= PROBLEM STATEMENT =
Where the line with "Mətbəx Interyerində Tünd Boz Divan" appears below, start writing out lines exactly, and finish with the line with "Gorgeous Gold Skull", which is included; write out nothing else.

Extracted data entries
%%
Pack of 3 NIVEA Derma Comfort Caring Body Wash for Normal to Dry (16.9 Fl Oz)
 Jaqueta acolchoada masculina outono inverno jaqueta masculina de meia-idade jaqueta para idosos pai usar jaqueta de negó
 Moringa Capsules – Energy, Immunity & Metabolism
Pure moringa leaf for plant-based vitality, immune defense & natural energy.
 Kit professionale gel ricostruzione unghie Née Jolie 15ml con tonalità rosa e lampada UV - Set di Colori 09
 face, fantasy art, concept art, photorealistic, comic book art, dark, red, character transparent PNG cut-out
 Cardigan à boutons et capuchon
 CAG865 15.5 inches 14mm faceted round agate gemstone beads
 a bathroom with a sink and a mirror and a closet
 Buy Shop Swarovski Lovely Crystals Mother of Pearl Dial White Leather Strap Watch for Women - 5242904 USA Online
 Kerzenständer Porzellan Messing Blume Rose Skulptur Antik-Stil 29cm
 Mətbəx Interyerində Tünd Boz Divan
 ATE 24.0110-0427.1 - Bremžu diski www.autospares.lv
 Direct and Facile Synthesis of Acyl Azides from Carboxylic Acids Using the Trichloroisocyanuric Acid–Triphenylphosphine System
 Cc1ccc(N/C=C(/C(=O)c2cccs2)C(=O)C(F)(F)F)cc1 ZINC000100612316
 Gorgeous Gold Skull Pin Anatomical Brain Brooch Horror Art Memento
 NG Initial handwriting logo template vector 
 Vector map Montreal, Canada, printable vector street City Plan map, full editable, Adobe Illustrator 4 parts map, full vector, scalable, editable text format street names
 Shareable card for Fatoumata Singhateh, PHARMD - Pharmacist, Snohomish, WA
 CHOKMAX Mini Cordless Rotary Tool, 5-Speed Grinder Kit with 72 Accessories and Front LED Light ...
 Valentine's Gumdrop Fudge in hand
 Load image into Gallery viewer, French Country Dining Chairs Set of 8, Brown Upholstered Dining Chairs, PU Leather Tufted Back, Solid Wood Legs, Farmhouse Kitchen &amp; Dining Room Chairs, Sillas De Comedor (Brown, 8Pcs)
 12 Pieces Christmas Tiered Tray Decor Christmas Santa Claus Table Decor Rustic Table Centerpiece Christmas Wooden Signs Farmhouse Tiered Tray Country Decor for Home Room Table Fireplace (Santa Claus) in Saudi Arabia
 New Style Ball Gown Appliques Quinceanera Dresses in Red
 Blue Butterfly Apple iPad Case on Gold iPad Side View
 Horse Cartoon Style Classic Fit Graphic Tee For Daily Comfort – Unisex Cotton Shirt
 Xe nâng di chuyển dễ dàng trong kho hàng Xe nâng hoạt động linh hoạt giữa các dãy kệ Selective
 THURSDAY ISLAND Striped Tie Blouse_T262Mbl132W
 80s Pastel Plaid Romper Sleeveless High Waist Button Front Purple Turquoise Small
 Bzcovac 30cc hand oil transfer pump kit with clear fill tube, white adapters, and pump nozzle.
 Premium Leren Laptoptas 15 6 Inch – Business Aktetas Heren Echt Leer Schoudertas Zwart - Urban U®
%%
= OUTPUT FOR THIS EXERCISE =
 Mətbəx Interyerində Tünd Boz Divan
 ATE 24.0110-0427.1 - Bremžu diski www.autospares.lv
 Direct and Facile Synthesis of Acyl Azides from Carboxylic Acids Using the Trichloroisocyanuric Acid–Triphenylphosphine System
 Cc1ccc(N/C=C(/C(=O)c2cccs2)C(=O)C(F)(F)F)cc1 ZINC000100612316
 Gorgeous Gold Skull Pin Anatomical Brain Brooch Horror Art Memento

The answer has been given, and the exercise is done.